The terms of JP Morgan's (JPM) compensation for their fairness evaluation is $2 million plus $500,000 if the merger goes through plus another $500,000 at the discretion of the "independent committee", also if the merger goes through. Yes, that's correct--JP Morgan was contracted by the independent committee with payment terms of an incentive if the merger closes and another incentive provided at the discretion of the independent committee, also if the merger closes. A 50% bonus contingent on the merger closing. Does such a bonus give JP Morgan an incentive to give an accurate and unbiased analysis...or to stretch toward a number which makes the merger more likely to close??

I don't know if this going private deal will ultimately go through or not but I'm obviously in the minority in thinking there's more risk than meets the eye. At the earnings conference call, an analyst brought up a question about whether the debt financing was committed and was pacified by management. Based on the share price and the option prices, the market certainly thinks there's very little which can go wrong with the proposed merger at this point. There are also a number of banks slated to provide the debt financing for this going private transaction and not just one or two banks.

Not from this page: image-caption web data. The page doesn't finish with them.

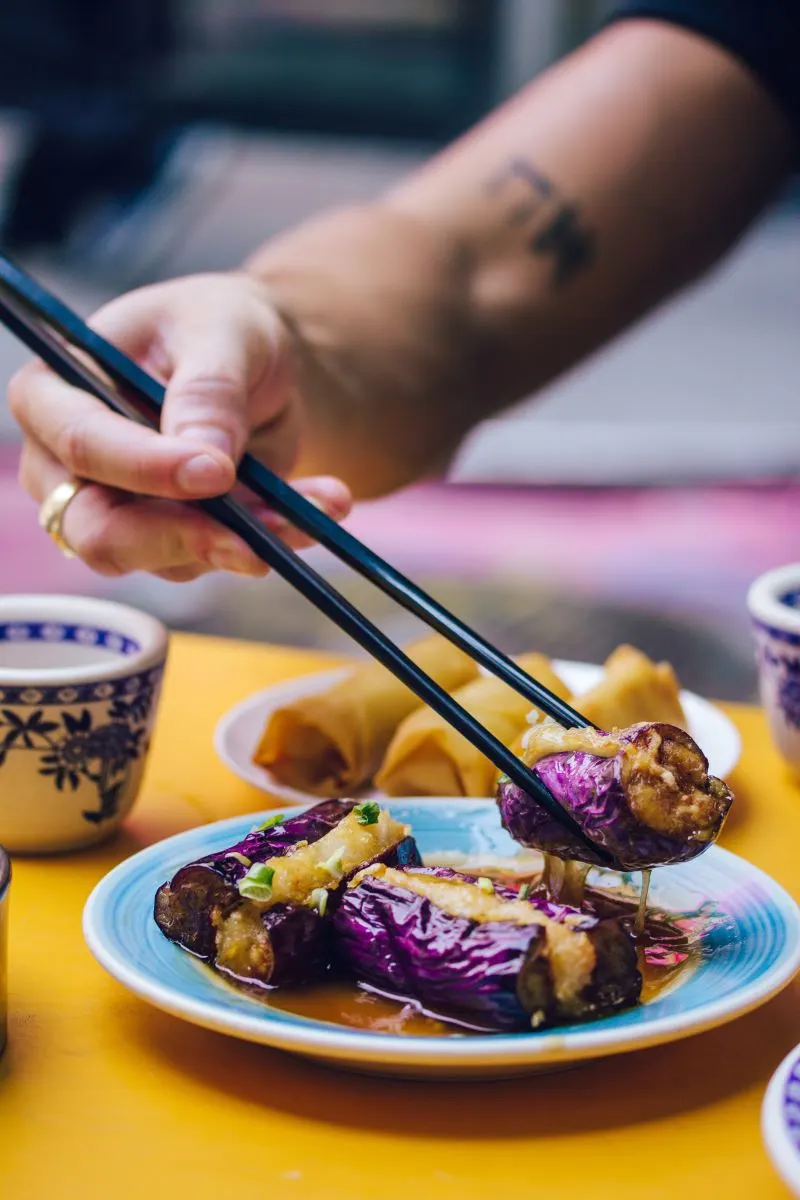 Restaurants In Tianjin, China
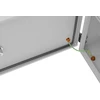 Lanberg Spinta rack wisząca 10 cali hermetyczna ip55 montaż na ścianie/słupie340x250x500 pilka (złożona)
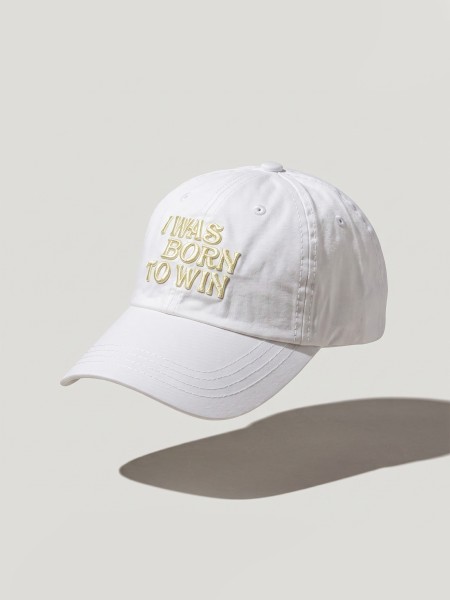 I Was  Born To Win Cap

This adds confidence simply by the number of banks engaged to provide financing for portions of this proposed debt.

Given the size of this transaction, it would make sense that each of the banks did their own, independent due diligence to verify the accuracy of Focus Media's financial statements, especially in light of the Muddy Waters' allegations. I would imagine none of the banks were lulled into complacency by the safety in numbers effect of having other banks share the risk. However, I will also note that if Muddy Waters' research has merit, there will be a profound negative impact on the banks' loans and on those clients on whose behalf the banks are investing. If the banks weren't independently thorough then they've accepted a lot of risk. I doubt anyone would be happy with a lifetime supply of ginseng in exchange for their investment in the debt.

Why should you care? Sometimes companies surrounded by controversy find a way to stay in the spotlight. If Focus Media's proposed going private merger falls apart, either because the banks start re-thinking their risk or for some other reason, it would almost certainly have a negative effect on the stock price. The current price is only a few cents away from the proposed $27.50 and, in my opinion, not worth the risk of holding for those few cents. On the short side, it seems unlikely the offer would be raised so the downside to a short position may only be a few cents. Likewise, put options would likely give a large return if this transaction somehow isn't consummated.

One thing seems certain: If this proposed transaction goes through, it will put to an end the long, strange chapter of Focus Media's tenure as a public company surrounded by controversy.

Source: Are Focus Media's 'Going Private' Lenders Taking On Too Much Risk?

Additional disclosure: I am not currently long nor short the stock but I hold Focus Media long-term put options.